Scraped caption text data:
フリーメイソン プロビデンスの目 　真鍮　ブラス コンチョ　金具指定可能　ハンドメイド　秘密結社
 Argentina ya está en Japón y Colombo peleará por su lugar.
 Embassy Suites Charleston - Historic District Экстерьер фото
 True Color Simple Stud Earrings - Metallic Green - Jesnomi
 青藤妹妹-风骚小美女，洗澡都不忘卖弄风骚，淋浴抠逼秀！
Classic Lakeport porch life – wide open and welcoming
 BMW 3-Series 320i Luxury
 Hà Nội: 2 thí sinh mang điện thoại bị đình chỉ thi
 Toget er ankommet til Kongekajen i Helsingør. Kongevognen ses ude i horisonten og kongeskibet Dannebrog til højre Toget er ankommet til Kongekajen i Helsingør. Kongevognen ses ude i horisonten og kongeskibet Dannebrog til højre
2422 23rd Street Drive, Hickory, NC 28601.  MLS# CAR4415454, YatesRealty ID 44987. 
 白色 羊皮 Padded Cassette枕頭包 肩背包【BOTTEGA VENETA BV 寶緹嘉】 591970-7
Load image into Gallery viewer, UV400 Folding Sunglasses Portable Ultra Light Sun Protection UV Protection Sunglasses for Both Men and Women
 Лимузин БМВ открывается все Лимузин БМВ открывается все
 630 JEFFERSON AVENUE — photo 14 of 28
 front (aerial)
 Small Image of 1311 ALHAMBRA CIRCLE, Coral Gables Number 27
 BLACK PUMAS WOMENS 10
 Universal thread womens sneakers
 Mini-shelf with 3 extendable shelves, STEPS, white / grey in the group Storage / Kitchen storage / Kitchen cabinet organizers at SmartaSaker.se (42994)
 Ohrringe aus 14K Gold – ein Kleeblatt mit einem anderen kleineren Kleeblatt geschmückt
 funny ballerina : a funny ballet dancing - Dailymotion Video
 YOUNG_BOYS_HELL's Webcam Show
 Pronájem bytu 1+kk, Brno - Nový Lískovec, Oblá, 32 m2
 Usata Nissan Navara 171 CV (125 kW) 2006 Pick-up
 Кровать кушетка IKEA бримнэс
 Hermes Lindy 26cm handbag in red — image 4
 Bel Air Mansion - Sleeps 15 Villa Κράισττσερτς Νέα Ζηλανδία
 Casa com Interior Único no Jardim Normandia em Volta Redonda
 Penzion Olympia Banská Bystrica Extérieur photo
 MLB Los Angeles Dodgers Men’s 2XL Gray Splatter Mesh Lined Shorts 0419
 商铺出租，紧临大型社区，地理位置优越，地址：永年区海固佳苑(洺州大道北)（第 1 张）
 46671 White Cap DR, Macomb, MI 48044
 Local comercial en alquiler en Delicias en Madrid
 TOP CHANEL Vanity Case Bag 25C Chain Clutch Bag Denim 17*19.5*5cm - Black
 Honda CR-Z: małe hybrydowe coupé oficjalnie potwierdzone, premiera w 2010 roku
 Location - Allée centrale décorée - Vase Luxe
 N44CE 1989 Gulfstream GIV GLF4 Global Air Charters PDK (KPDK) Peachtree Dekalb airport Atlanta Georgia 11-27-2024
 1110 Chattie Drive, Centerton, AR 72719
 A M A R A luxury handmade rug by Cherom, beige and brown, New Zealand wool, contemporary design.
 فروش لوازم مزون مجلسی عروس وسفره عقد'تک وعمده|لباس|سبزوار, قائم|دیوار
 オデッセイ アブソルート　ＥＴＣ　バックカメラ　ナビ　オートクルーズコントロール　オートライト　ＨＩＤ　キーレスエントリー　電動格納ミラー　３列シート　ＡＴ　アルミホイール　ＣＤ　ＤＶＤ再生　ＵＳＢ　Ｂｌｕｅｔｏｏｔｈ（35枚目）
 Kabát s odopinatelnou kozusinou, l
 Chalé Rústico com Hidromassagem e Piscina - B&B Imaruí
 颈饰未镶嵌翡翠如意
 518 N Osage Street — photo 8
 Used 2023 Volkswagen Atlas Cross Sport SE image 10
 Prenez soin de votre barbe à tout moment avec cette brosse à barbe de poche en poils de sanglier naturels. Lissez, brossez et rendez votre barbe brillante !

TASK DESCRIPTION
Your answer must be the lines above from the one containing "Local comercial en" to the one containing "Location - Allée", both included, restated word for word.

RESPONSE TO THE EXERCISE
 Local comercial en alquiler en Delicias en Madrid
 TOP CHANEL Vanity Case Bag 25C Chain Clutch Bag Denim 17*19.5*5cm - Black
 Honda CR-Z: małe hybrydowe coupé oficjalnie potwierdzone, premiera w 2010 roku
 Location - Allée centrale décorée - Vase Luxe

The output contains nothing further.